「めーちゃん!」
改札を出た瞬間、聞き慣れた声が耳を打つ。
駅の雑踏の中でも、真っ直ぐに自分に向けられているのが分かった。
なにしろ声だけはよく通るのだ。あの男は。
周囲の視線が集中していることを知ってか知らずか、恥ずかしげもなく満面の笑みでぶんぶん手を振る姿に、私の方が赤面してしまう。
他人の振りをして帰ってしまおうとも思ったけど、そんなことをすれば、ますます人目をはばからずに騒がれるだろうことを思い、足早に駆け寄った。
「おかえり!……うん??」
怒ったような私の顔を見て、きょとんとするカイトをちらりと一瞥し、足を止めずに駅の出口に向かう。
「あ、あ、待って!」
慌てた足音が追ってきて、荷物を提げていた手元がふっと軽くなる。
愛想なくあしらっても、荷物を持ってくれる健気さがいじらしい。

「分かった。
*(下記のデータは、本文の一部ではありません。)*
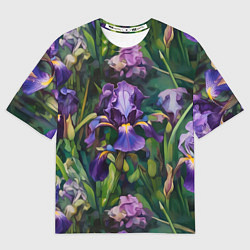 Мужская футболка оверсайз Ирисы паттерн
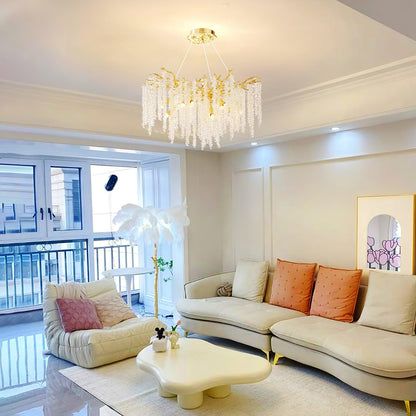 Golden Wisteria Crystal Flower Chandelier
子どもみたいに手を振ったのがいけなかったんでしょ?ごめんね、嬉しくてつい」
「それもあるけど…」
「じ、じゃあ『めーちゃん』じゃなくて『姉さん』て呼ぶべきだった?」
微妙にズレてる気がするけど…まあ。
「そうね。そっちの方がちょっとはマシだったわ」
「そ、そっか…。姉さん、か…」
しゅんとうなだれた気配が伝わってくる。

ああ、でも私もズレてるのかもしれない。迎えにきてもらって嬉しいのに。
鬱陶しいくらい大切にしてもらって嬉しいのに。
意を決してくるりと振り返ると、泣きそうな顔のカイトは、取り繕うように無理やり口角をつり上げて、わたわたと言葉を紡ぎ始める。
「あ、えと、ごめん、あの…」
謝る理由を考えていたようだ。馬鹿。あんたは何にも悪くないのに。

「ごめん。ありがと」
目を合わせずに早口で呟くと。えっ、と戸惑いの声が降ってきた。
上手く伝わるかしら。
つんと小指を彼の指先にぶつけると、一瞬の間の後、
「うん!」
と頬を上気させ、ぎゅっと手を握られる。
「早く帰ろ!今日はめーちゃんのためにリンとレンが張り切ってカレー作ってるんだよ」
「ほんと?楽しみだわ」

これで仲直り。いつもどおりのやり取りにほっとする。
ストレートに感情を出せるカイトがちょっとうらやましいけど、一日中好き好きなんて絶対に言えない。
それでも、この時間がもう少し続けばいいな、と思ってるのは本心。
自惚れじゃなかったら、きっとカイトも同じ気持ち。



「なーんてことが今ごろ展開されてたりして!」
「カイ兄がただのウザキャラじゃんか」
「リンはカイト兄ちゃん好きだよ。誰かさんと違って優しいしー」
「うっせバーカ」

「ただいまー」

「帰ってきた!」
「メイ姉おかえりー」
「めーちゃんごめんごめんなさい!後生だから…」
「公衆の面前でめーちゃんめーちゃん連呼する非常識に食べさせるアイスなんてありません」
「うわあぁぁん!リンちゃんレンくん加勢してよおぉ!」

「うちの兄貴はウザキャラだったか…」
「そうでした…」
(がくり)
(がくり)




馴れ合いウザスの高校生めいこちゃんと、駄々っ子小学生かいとくんの間違いでした。